"No, I be durned if ye shall! Hapgood, you stick to her: take this yer gun, and I'll slip down inter the holler, and see whuther the cuss's alive or dead, any how."

"O, Mr. Pepperill, if you will!" said Virginia, overjoyed.

Penn remonstrated,—rather feebly, it must be confessed, for the determination to part from her had cost him a struggle, and the privilege of keeping by her side till all danger was past, seemed too sweet to refuse.

"I'll take her to her father, and hurry back, and meet you."

"All right!" came the response from Dan, already far down the rocks.

"The cave is close by," said Penn. "There is Cudjo, waiting for us!"

Coming up with the black, and once more following his lead, they descended along the shelf of rocks, between the thickets and the overhanging ledge. So they came to the still dark jaws of the cavern. A grateful coolness breathed in their faces from within. But how dismal the entrance seemed to eyes lately dazzled by the blazing woods! Virginia clung tightly to Penn's hand, as they groped their way in.

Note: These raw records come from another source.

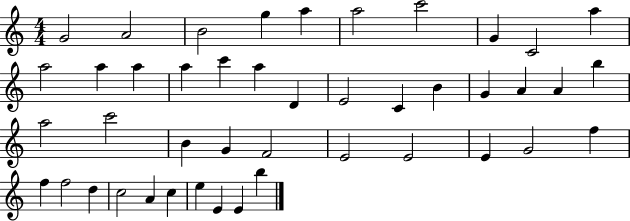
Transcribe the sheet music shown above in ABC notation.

X:1
T:Untitled
M:4/4
L:1/4
K:C
G2 A2 B2 g a a2 c'2 G C2 a a2 a a a c' a D E2 C B G A A b a2 c'2 B G F2 E2 E2 E G2 f f f2 d c2 A c e E E b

At first nothing was visible but a few smouldering embers, winking their sleepy eyes in the dark. Out of these Cudjo soon blew a little blaze, which he fed with sticks and bits of bark until it lighted up fitfully the dim interior and shadowy walls of his abode.

Penn hushed Virginia with a finger on his lips, and restrained her from throwing herself forward upon the rude bed, where the blind old man was just awaking from a sound sleep.

In that profound subterranean solitude the roar of the fiery breakers, dashing on the mountain side, was subdued to a faint murmur, less distinct than the dripping of water from roof to floor in the farther recesses of the cave. There, left alone, lulled by the dull, monotonous trickle,—thinking, if he heard the roar at all, that it was the mountain wind blowing among the pines,—Mr. Villars had slept tranquilly through all the horrors of that night.